**WORK TO COMPLETE:** Retype the line with "VTG 1973 TREASURE" exactly. Then retype every line after it through the end of the entries below, and nothing more, leaving out pictures.
** Opening INFORMATION SHOWN block **
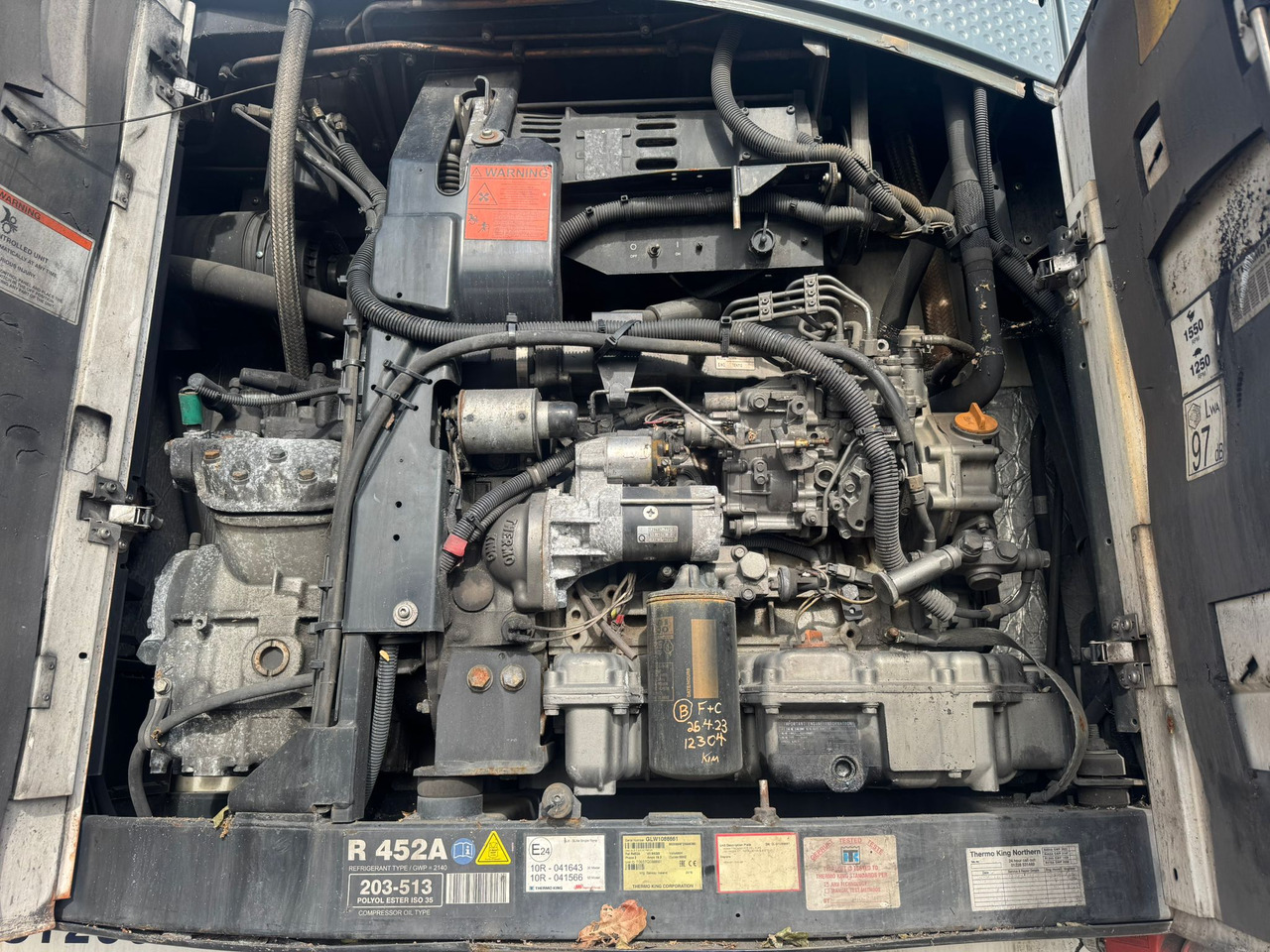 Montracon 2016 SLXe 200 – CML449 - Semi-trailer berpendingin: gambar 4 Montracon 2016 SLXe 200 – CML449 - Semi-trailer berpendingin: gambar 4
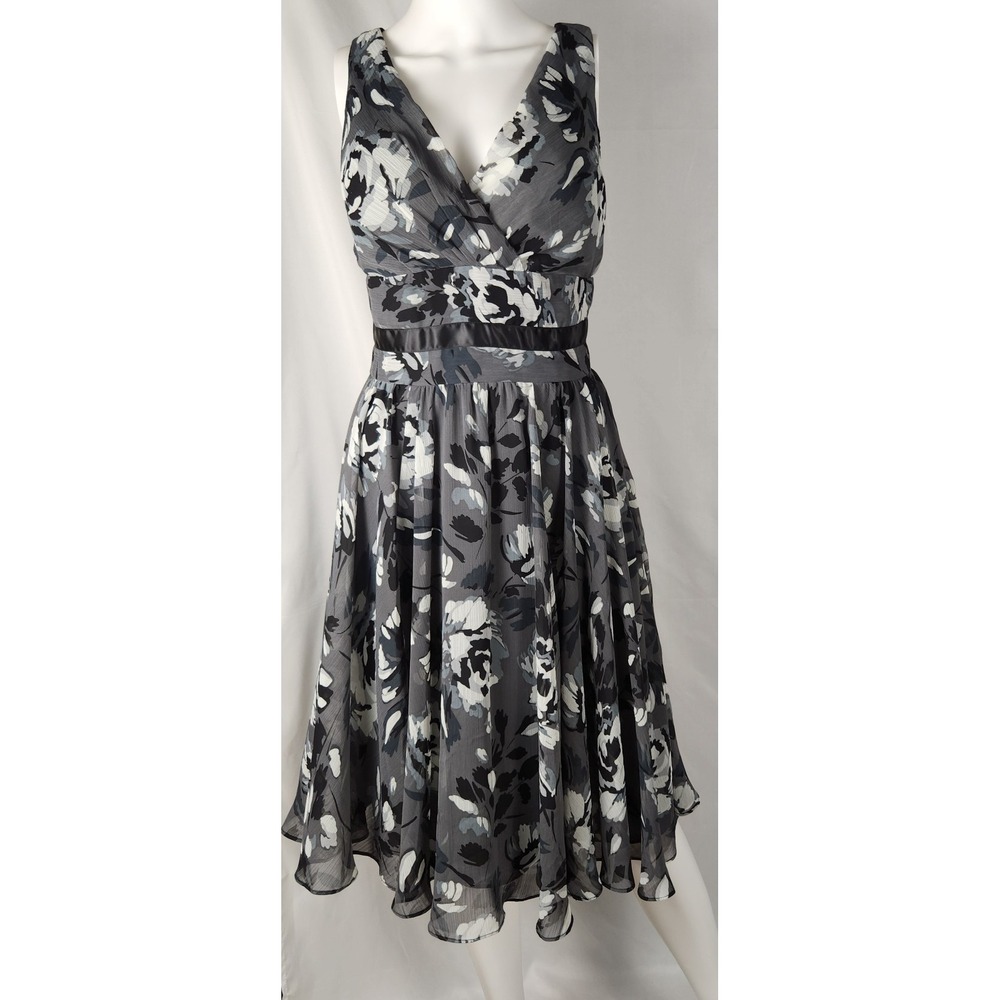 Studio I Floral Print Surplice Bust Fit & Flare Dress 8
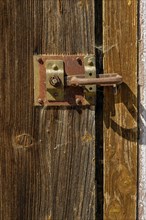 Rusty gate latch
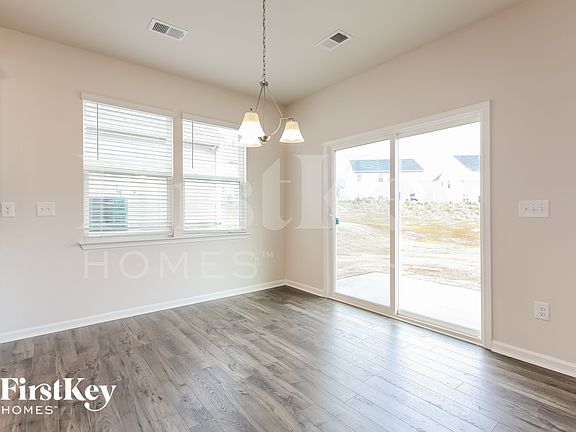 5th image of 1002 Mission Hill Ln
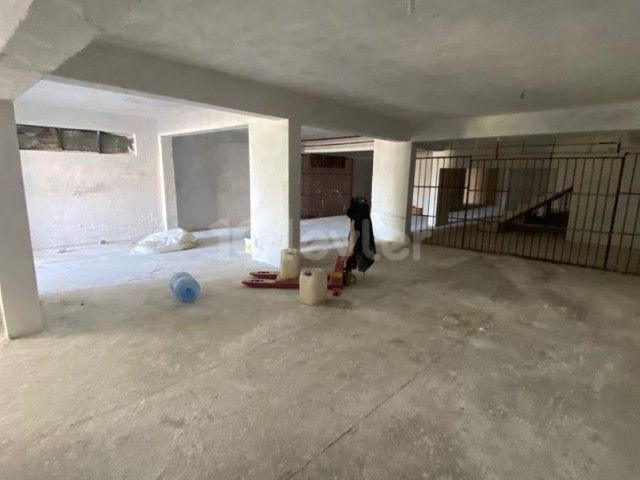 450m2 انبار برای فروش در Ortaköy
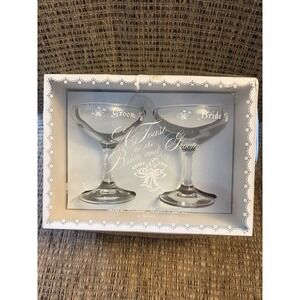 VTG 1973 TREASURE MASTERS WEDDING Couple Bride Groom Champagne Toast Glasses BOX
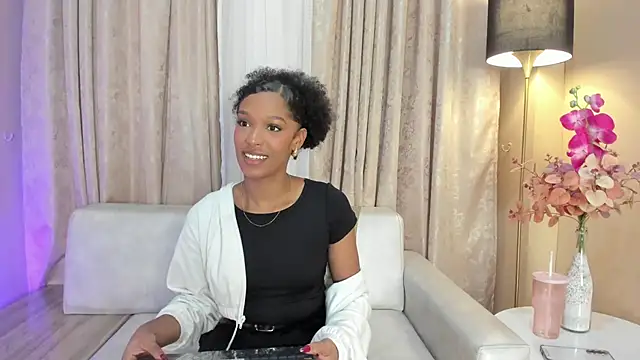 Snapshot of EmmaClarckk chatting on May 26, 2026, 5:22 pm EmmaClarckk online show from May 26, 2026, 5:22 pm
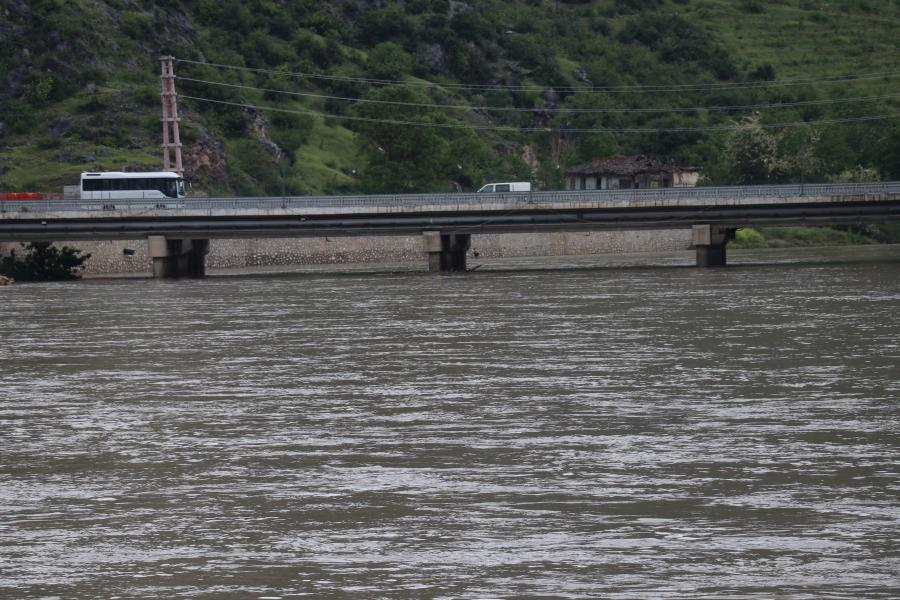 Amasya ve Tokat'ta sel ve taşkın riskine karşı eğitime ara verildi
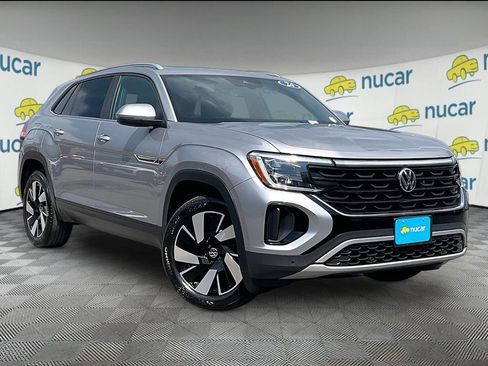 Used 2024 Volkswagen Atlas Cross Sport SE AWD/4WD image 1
** Closing INFORMATION SHOWN block **
**ANSWER BELOW:**
 VTG 1973 TREASURE MASTERS WEDDING Couple Bride Groom Champagne Toast Glasses BOX
 Snapshot of EmmaClarckk chatting on May 26, 2026, 5:22 pm EmmaClarckk online show from May 26, 2026, 5:22 pm
 Amasya ve Tokat'ta sel ve taşkın riskine karşı eğitime ara verildi
 Used 2024 Volkswagen Atlas Cross Sport SE AWD/4WD image 1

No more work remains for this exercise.